*** Recorded data

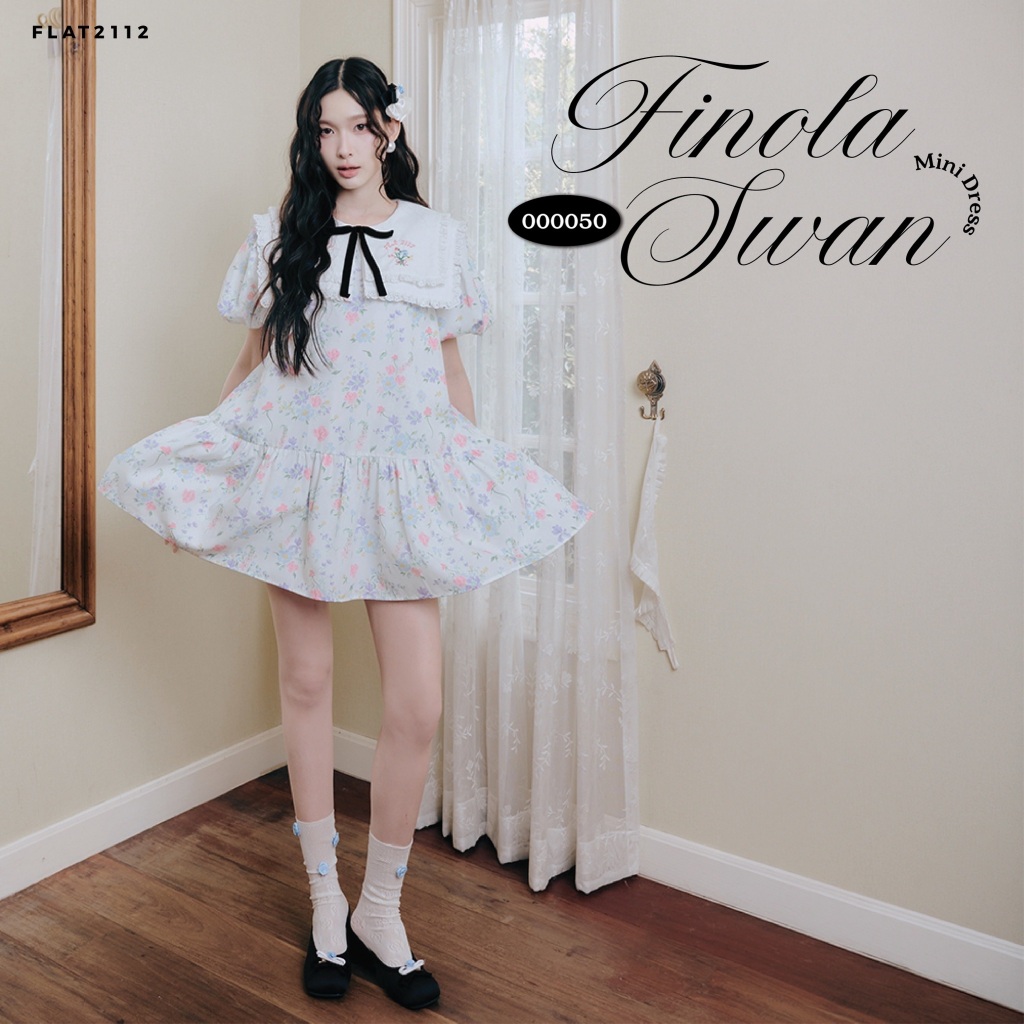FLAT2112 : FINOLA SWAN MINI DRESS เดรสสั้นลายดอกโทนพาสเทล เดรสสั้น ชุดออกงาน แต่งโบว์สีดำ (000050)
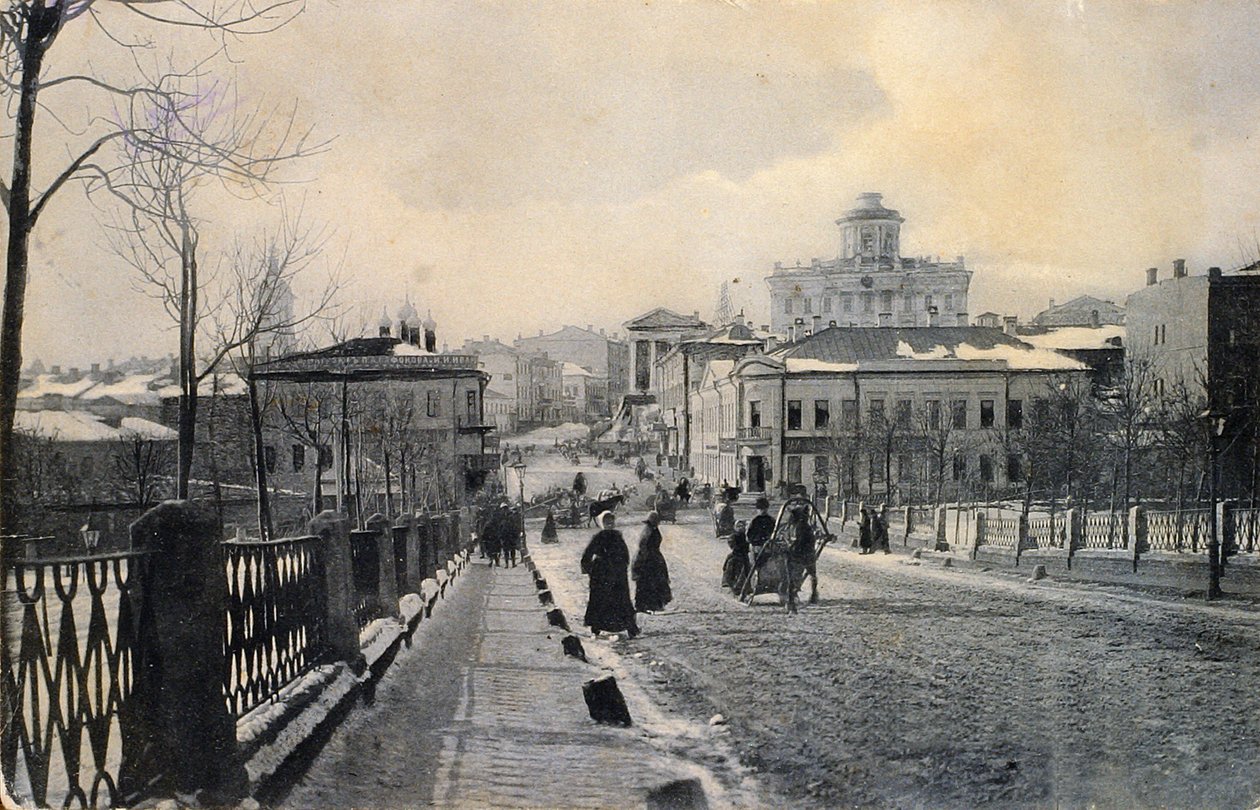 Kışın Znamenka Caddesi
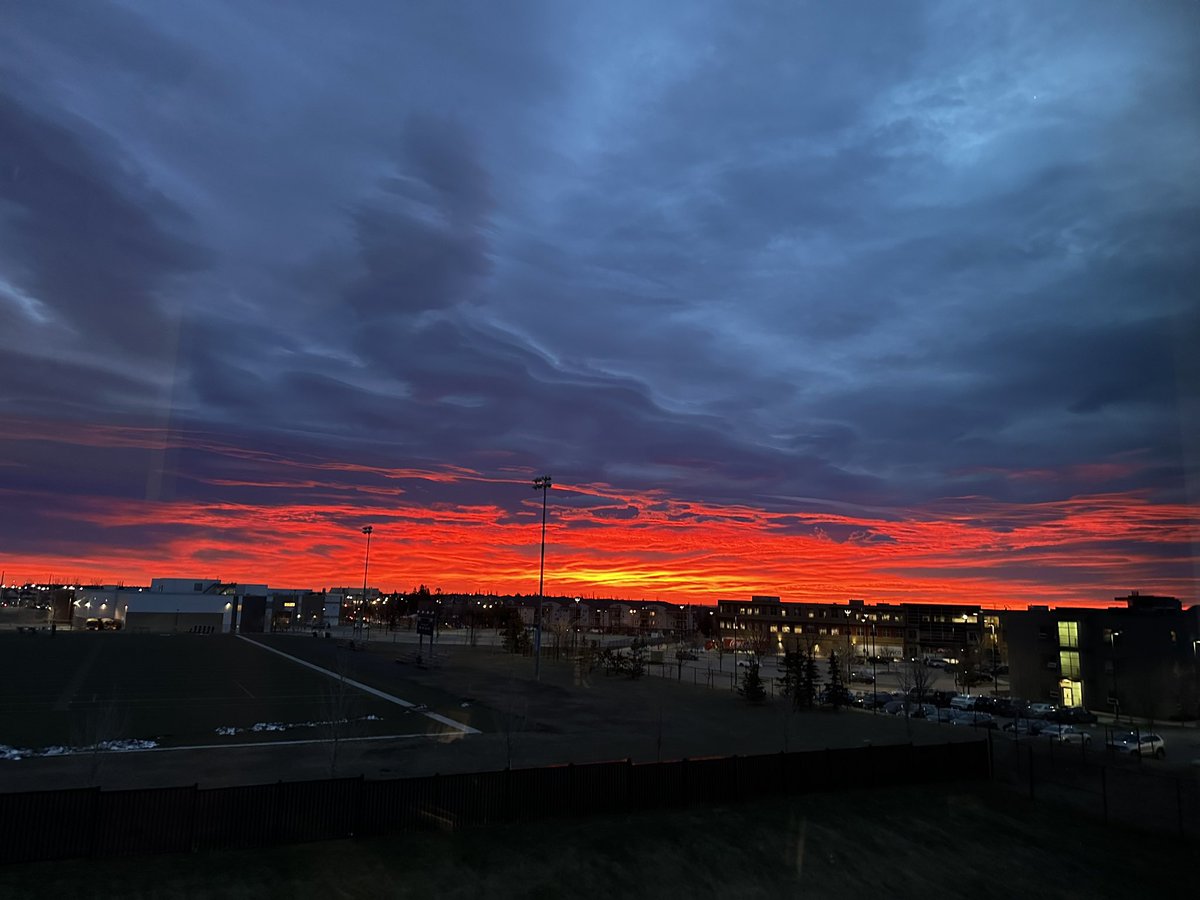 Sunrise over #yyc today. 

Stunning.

******
*** Recorded data

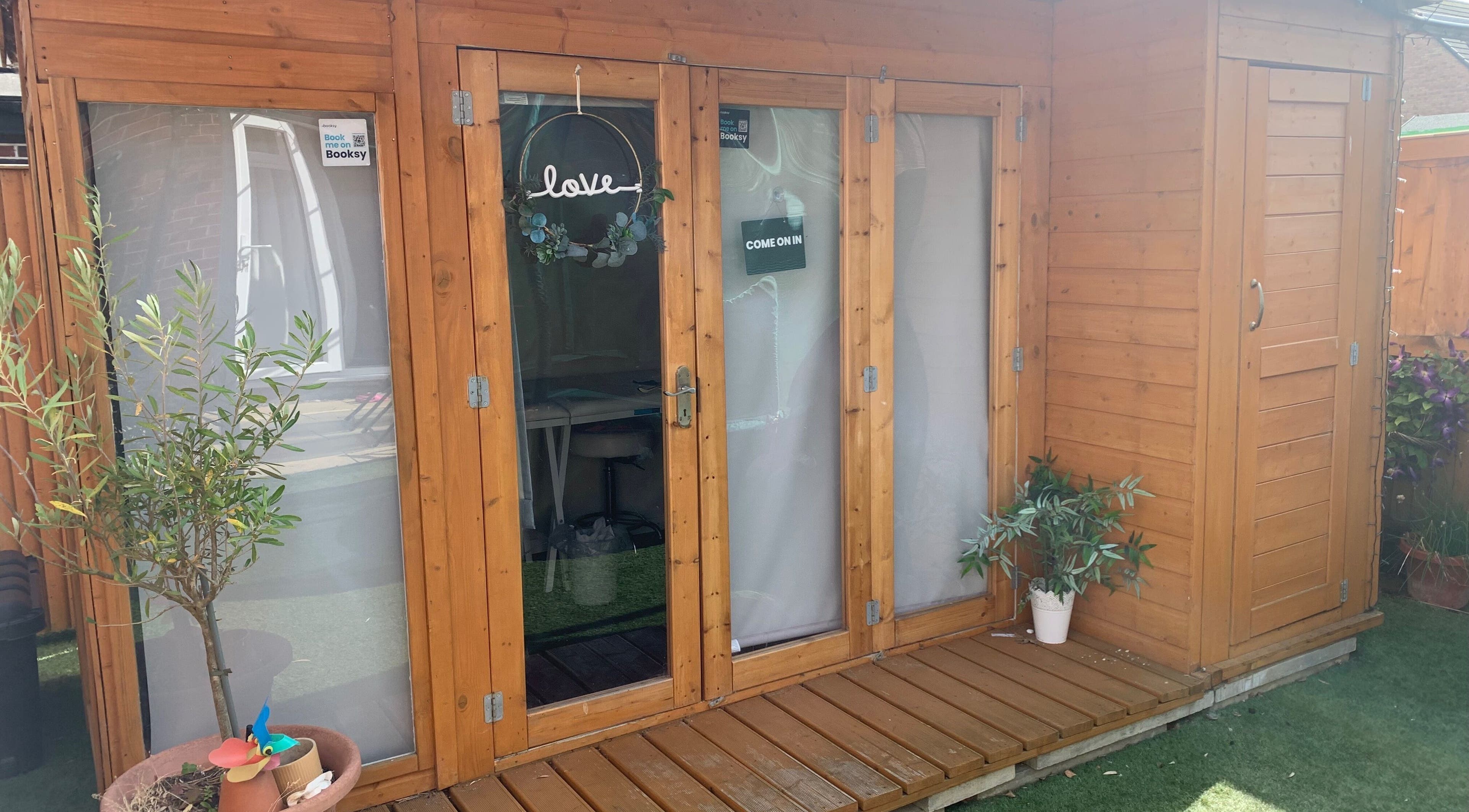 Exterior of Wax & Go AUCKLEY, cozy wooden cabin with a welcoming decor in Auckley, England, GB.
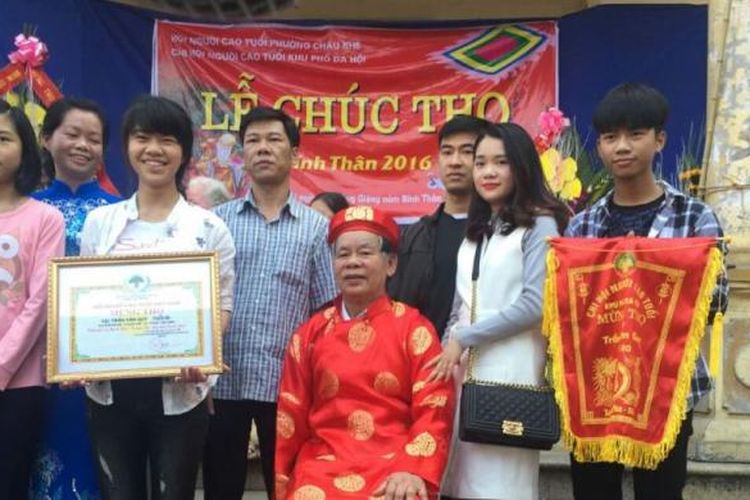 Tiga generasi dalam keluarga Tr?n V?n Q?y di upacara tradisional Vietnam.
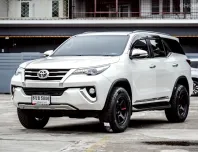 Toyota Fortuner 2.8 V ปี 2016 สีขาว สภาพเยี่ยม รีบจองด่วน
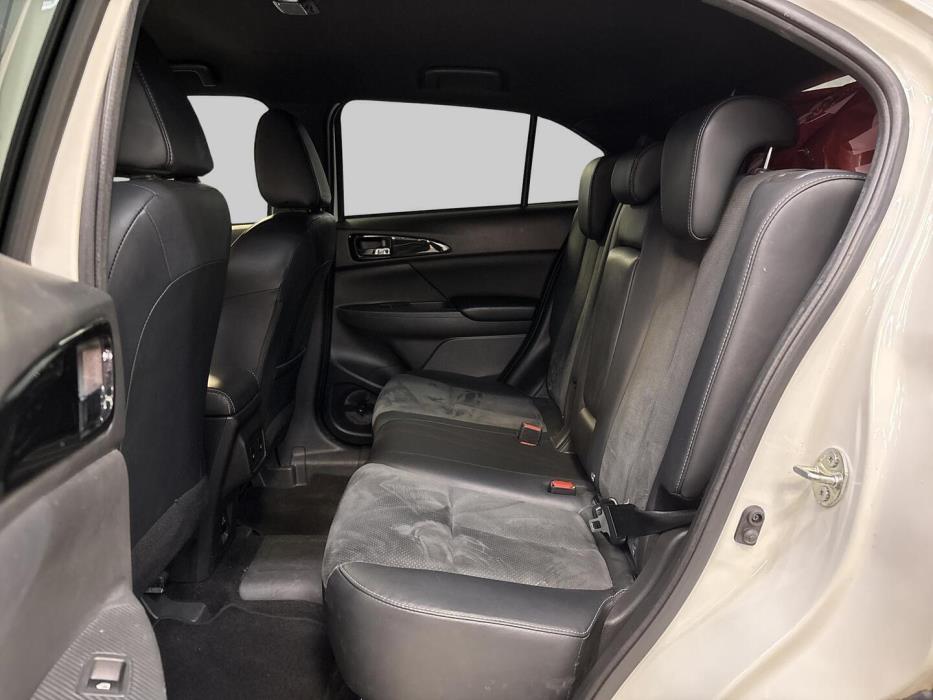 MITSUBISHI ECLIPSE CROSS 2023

******

Above are some records; quote exactly and only the lines that begin at the line containing "Toyota Fortuner 2.8" and stop after the line containing "MITSUBISHI ECLIPSE CROSS 2023", leaving out the pictures.

Answer area
 Toyota Fortuner 2.8 V ปี 2016 สีขาว สภาพเยี่ยม รีบจองด่วน
 MITSUBISHI ECLIPSE CROSS 2023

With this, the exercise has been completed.